One of the ‘Five Good Emperors’, (Machiavelli, 1503, who noted all five succeeded as ‘adopted’ sons and seemed to rule more wisely and judiciously than those of ‘royal blood’), Hadrian was a ‘humanist’ and philhellene, interested more in art, architecture, public governance and jurisprudence rather than war, despite his formidable military campaigning. Of his twenty years as emperor, he barely engaged in military battle, and spent scarcely five in Rome: the rest were travelling throughout the empire, mostly overseeing construction and consolidation projects, collecting art and writing poetry.
Fertile grounds indeed for Yourcenar’s indomitable quest to search out the humanist-philosopher, who endaimonologically refines and consolidates the qualia of Rome’s greatest cultural achievements to pinnacled Greco-Roman heights. ‘Rome....was needed for the full realisation of what was for Greece only an admirable idea. Plato had written the Republic and glorified the Just, but we were the ones who were striving to make the State a machine fit to serve man....The word philanthropy was Greek,but we are the ones who are working to change the wretched conditions of the slave’.
A beautiful acclamation of Rome significant as ‘doer’ whereas Greece was Rodin’s ‘thinker’: and if Hadrian did not serve in terms of philosophical originality and advancement, surely his contribution, of making concrete the ‘ideal’, was no less an achievement. For what is a strategist without his tactician?

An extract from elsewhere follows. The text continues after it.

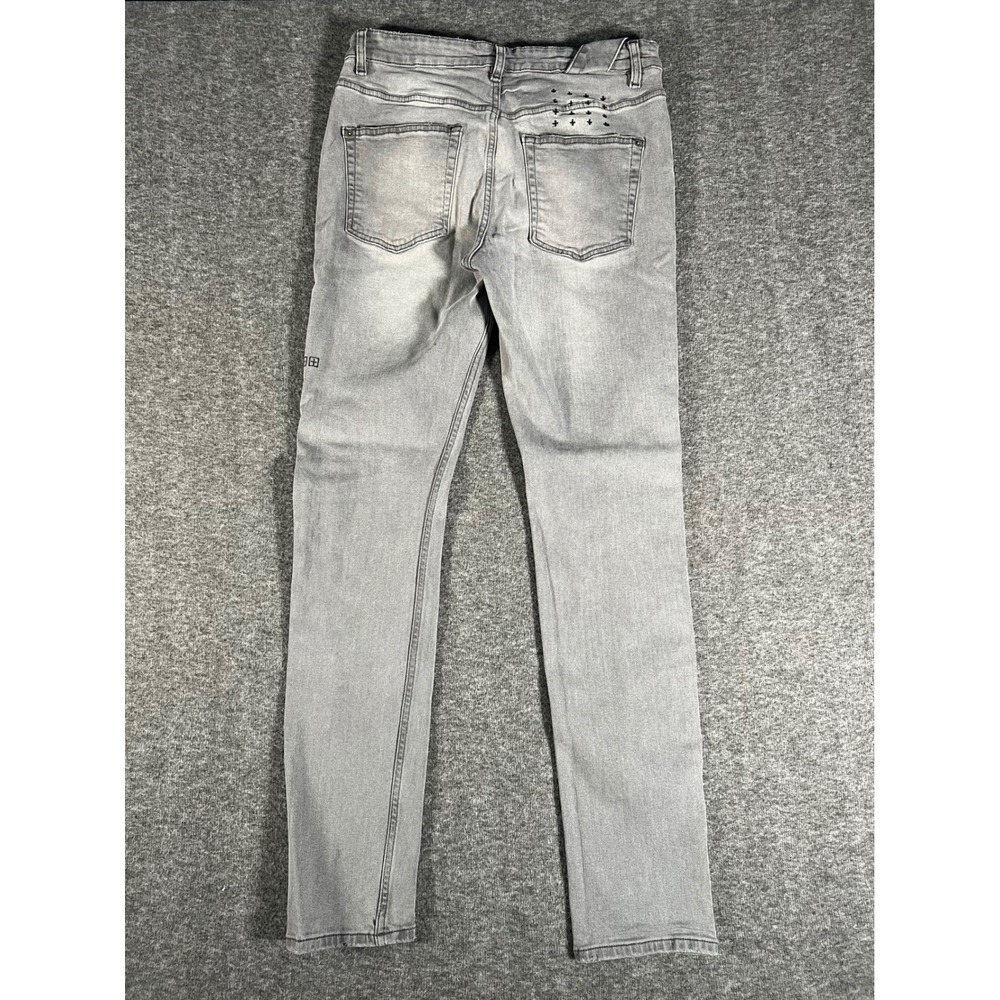 Ksubi Mens Skinny Jeans Gray Faded Streetwear Designer Denim Size 32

I wonder if the intervening years of relative peace devoted to the pursuit of public works did not open up a lacunae for Hadrian, allowing him to indulge the personal to an extraordinary extent. Who doesn’t know of his eromenos Antinous, a boy of twelve who becomes, effectively 50 year old Hadrian’s consort . His (debated) suicide at nineteen at the river Nile sparks Hadrian into occult and vainglorious endeavours to deify the boy, thus breaching some unspoken protocol about keeping the personal ‘private’ when you are emperor. Yourcenar handles this episode magnificently. At a moment in between Gods, when Hadrian conceptualises he is divine himself, as any other man might be, the issues of personal responsibility become acute and forefrontal. If human qualia takes on divine proportion, and if that qualia is underpinned by reveration of youth specifically, then its understandable if at nineteen Atinous conceives his currency as spent: by sacrificing himself in full bloom of youth he thus ensures his perpetuality ad infinitum: and perhaps it was this notion which spurred Hadrian into ‘conceptually’ immortalising him. Wise, is Yourcenar.
Not too long ago VS Naipaul made a big hue and cry about how women authors haven’t got it in them to write anything more scopic than domestic dramas and fluffy bunny romcoms:http://www.guardian.co.uk/books/2011/...
I need to find that man and smack him over the head with this book.